It was that very night that I met Blaine. I knew of Blaine in High School. He went to Pine View High School here in St. George, and I attended Beaver High School in none other than Beaver, Utah. Beaver's athletic teams during my high school years were quite competitive so we took opportunities to play the bigger Southern Utah schools. It was actually my best friend Holly Robinson that pointed Blaine out one Friday evening while playing PVHS in a basketball game at Pine View. He was indeed handsome, but not wanting to make waves with my best friend I supported her in her crush. We helped her write letters to him, and we even called his house once and spoke to his dad. We were elated when PVHS came to the little town of Beaver to play basketball. High School girls are so silly, especially cheerleaders! Holly and I were cheerleaders, and we could hardly maintain our composure when Pine View came out on the floor. There he was, Blaine Milne from Pine View High School. Surely he must have had a girlfriend but we didn't care. As fate would have it Beaver lost the ball out of bounds right next to the cheerleaders (us)! And better yet, Blaine was the one throwing the ball in. My heart was beating a million miles an hour - he was right next to me. I patted him on his sweaty shoulder and told him "way to go Blaine". Victorious! His sweat was now on my hand! It was as if I had won the lottery! Holly was jealous, but we laughed and laughed! The last time I saw Blaine in high school was at a Sterling Scholar competition at SUU the end of our Senior year.
That was 1987... Fast forward to October 29, 1993. I had not seen Blaine since Spring of 1987, so when he asked me to dance with him at the institute Halloween dance that night, I did not recognize him. I was wearing a witch costume and he was in normal clothes. I do not recall ever seeing him on campus, so I figured he was probably a college Freshman. I had been dancing with Freshmen all night and was feeling rather old. When he introduced himself as Blaine from St. George I stopped in my tracks and said, "are you Blaine Milne from Pine View High School?" He lifted up the rim of my black witch hat and said, "Natalie Black what are you doing here? And why aren't you married?" I think we were both very surprised! Unfortunately that was at the end of the dance so we were only able to dance two songs. He asked for my number but didn't write it down, so I thought there is no way he is calling me. Well, he did and the rest is history. Here we are 20 years, three kids, and many gray hairs later. He is and always will be the love of my life! Thank you Blaine for rescuing me that day. You truly do have the heart of a rescuer!
Happy 20th Anniversary!
You may be wondering what this has to do with Elder Milne's Blog. I am getting to that. Yesterday I was in Deseret Book to buy Blaine his anniversary present. I had so much fun! I couldn't believe the treasures I was finding. I will share them with you so this post will make more sense. Here is what I bought for Blaine:
This bronze statue is called "Rescued" it is in memory of men like Ephraim Hanks who risked their lives to rescue the members of the Martin and Willey handcart company. I knew Blaine really liked this statue, and I truly do believe that Blaine has the heart of a rescuer!

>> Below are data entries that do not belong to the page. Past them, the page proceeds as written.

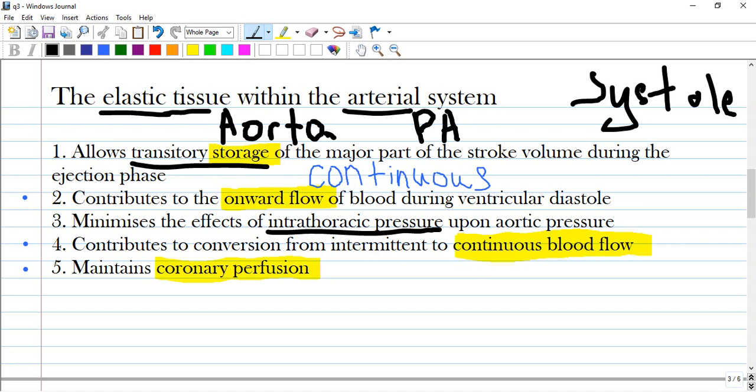Option one: allows transitory storage. When you hear about transitory storage, you have to think about veins of the major part of the stroke volume during the ejection phase.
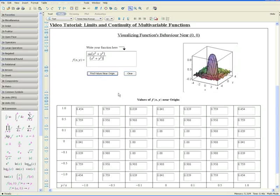As you'll see, Maple automatically fills in the table of values and also graphs the function.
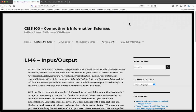Lecture Module 4 on input and output. This may be the easiest chapter in the textbook. Why? Because we're all very familiar with input and output, at least when it comes to our personal computers.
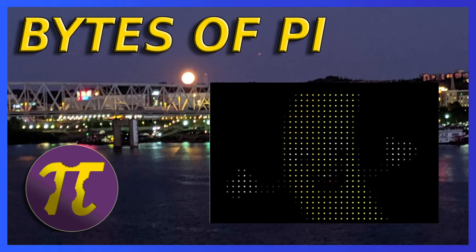Have you ever wanted to create your own X-Lite singing face? We're going to do that in today's Bites of Pi. Let's get started!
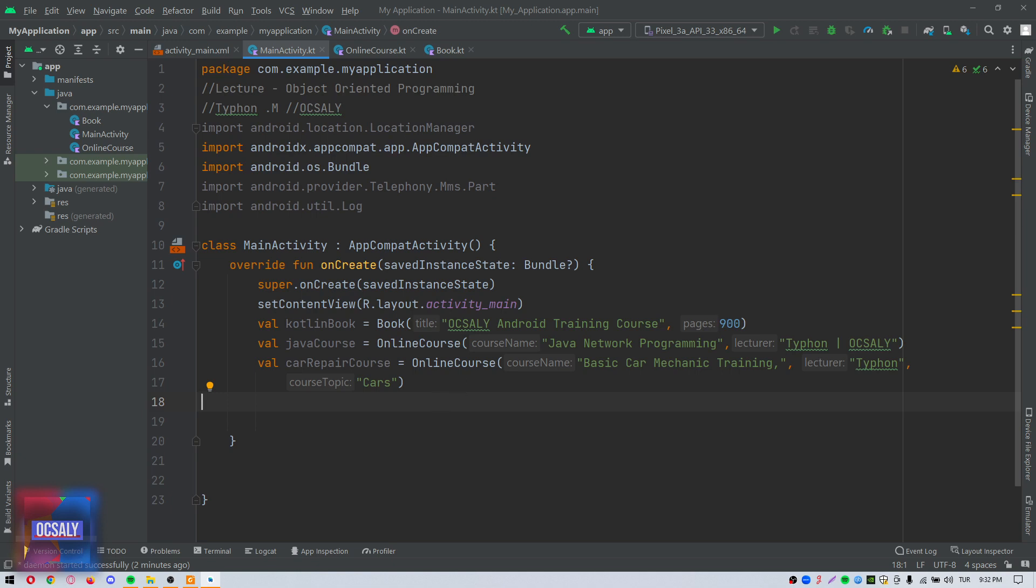Hello, my name is Taifun. This lecture, which will span 4 or 5 parts, will explain the Android Studio Code Editor.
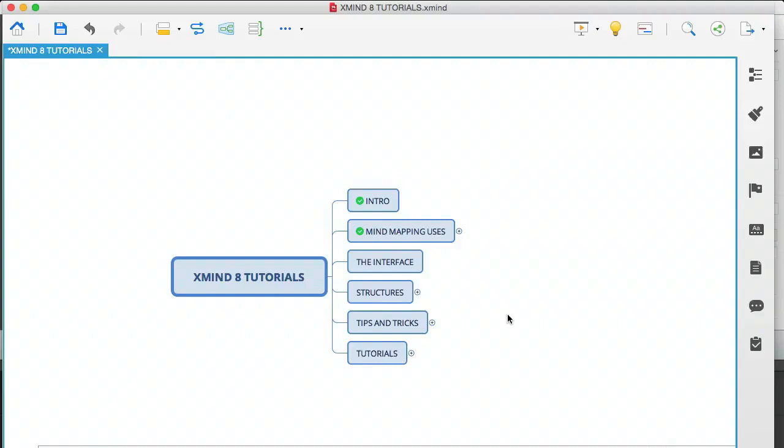Hey, it's Oz here, continuing with the Xmind 8 Tutorials video series. In this module I'm going to be covering the interface. I'm going to give you a brief walkthrough just so that you can see very basically what you can do.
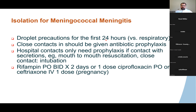Neisseria meningitidis is known for college dorms — people in really close quarters, college dorms or military barracks, where people are in very close contact. Close contacts should be given antibiotic prophylaxis. If there's another person who's been in really close contact with your patient, you want to discuss with them taking antibiotic prophylaxis to prevent them from getting meningitis and to decolonize them from Neisseria meningitidis.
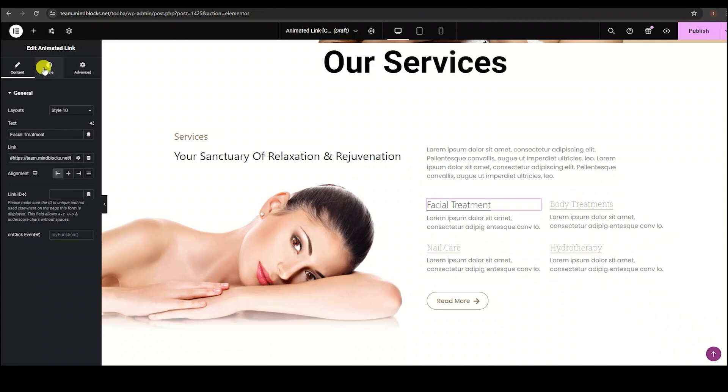Now, let's style the widget. Inside the style tab, we have typography, text shadow, and text color options. First comes the typography option.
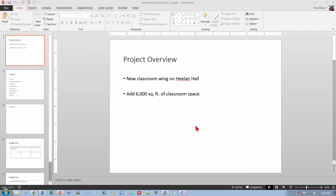This is the practice final test for PowerPoint. We're going to start at the beginning — number one says for all slides change the theme to ION.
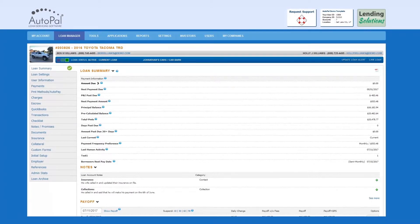In this video, we will review how to process an EFT Canadian payment on a loan.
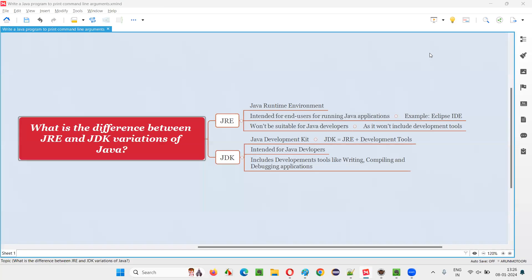Hello all, welcome to this session. In this session I am going to answer one of the Java interview questions: what is the difference between JRE and JDK variations of Java?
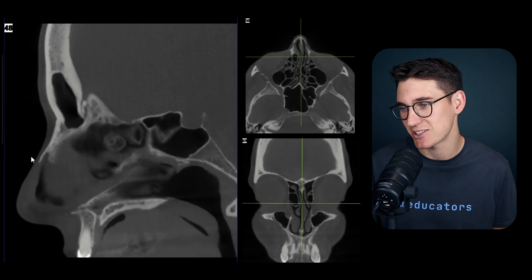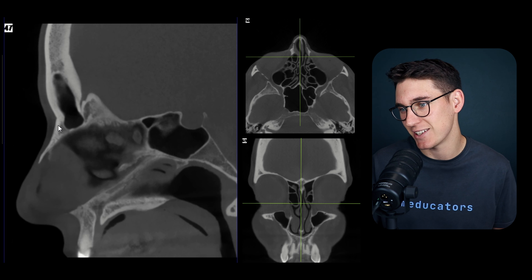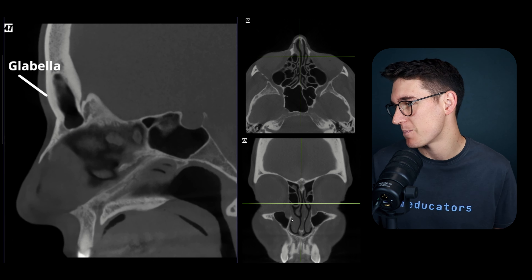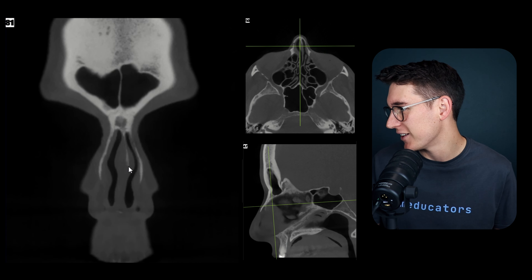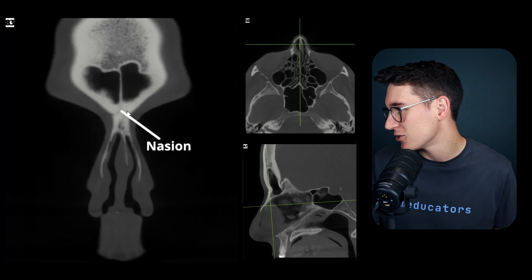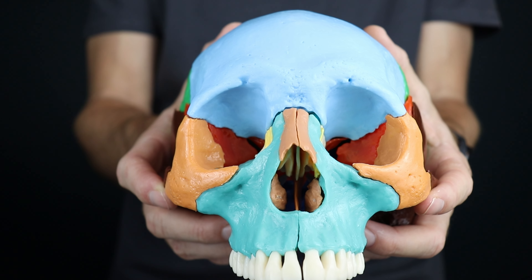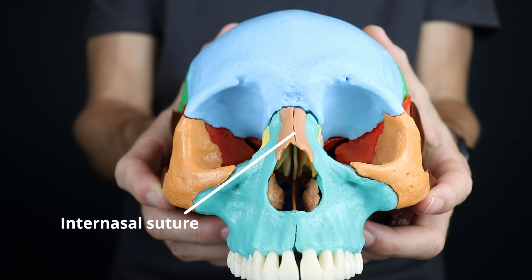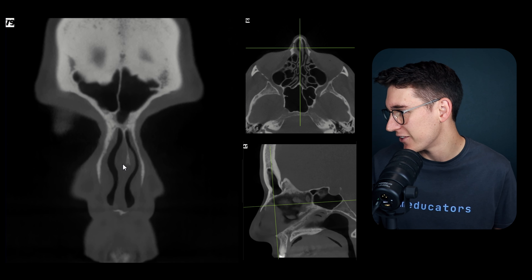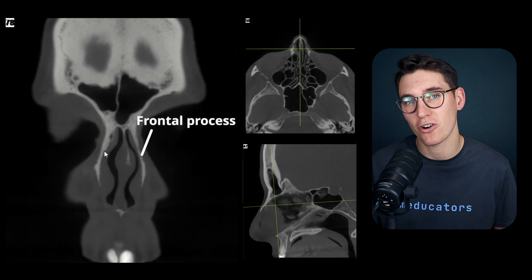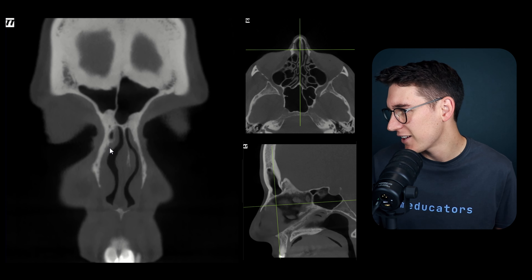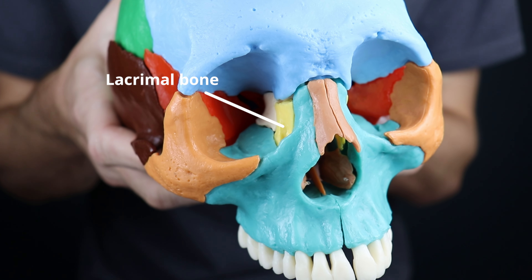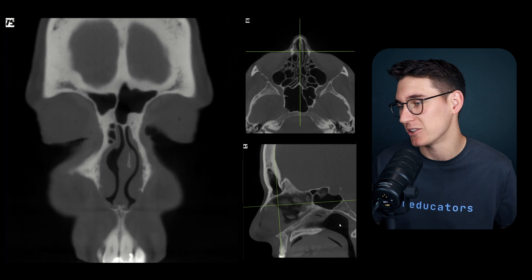On the sagittal slice we can see the nasal bones extending to the nasion, with the glabella lying superiorly above the nasal bones. On our coronal slice, the nasion is where the frontal bone meets the nasal bones at the midline. The nasal bones are separated by the internasal suture. As we head posteriorly we encounter the frontal processes of the maxilla, and further posteriorly is the lacrimal bone, which we'll look at when we examine the nasolacrimal duct.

After finding the statue I continued to browse. My mind was caught up in the whole "rescued" theme. It reminded me of President Monson's autobiography "To the Rescue". While we were living in Minnesota my mom sent Blaine this book for his birthday, knowing the love Blaine has for President Monson. It arrived during a very difficult time for Blaine. This book really did aid in rescuing Blaine. He was in a very demanding oral surgery residency that was causing him incredible stress. There was a lot of uncertainty in our lives at this time. The stories we read were so uplifting and inspiring. If you haven't read it I highly recommend it!
We love President Monson!
While thinking about this book I came across this for Dallin:
Elder Milne is also on a rescue mission!
I continued browsing, and I could not believe the next treasure I found:
If you look closely you will see that this is a child's locket - this wasn't what caught my eye! It was the name en scribed above.... Mary Elizabeth Rollins. This is my great, great, great grandmother. Just above her name it says: "Honored for risking her life to save some of the revelations in the Doctrine and Covenants." Below I will share the story of how Mary Elizabeth and her sister Caroline helped save what was believed the first 160 pages of the Book of Commandments which were revelations the Prophet Joseph Smith received that would later become the Doctrine and Covenants.
This is an artist's rendition of Mary Elizabeth and Caroline. It is used in the LDS Gospel Art Kit to teach children this amazing story of courage.
This is Mary Elizabeth Rollins Lightner in her later years.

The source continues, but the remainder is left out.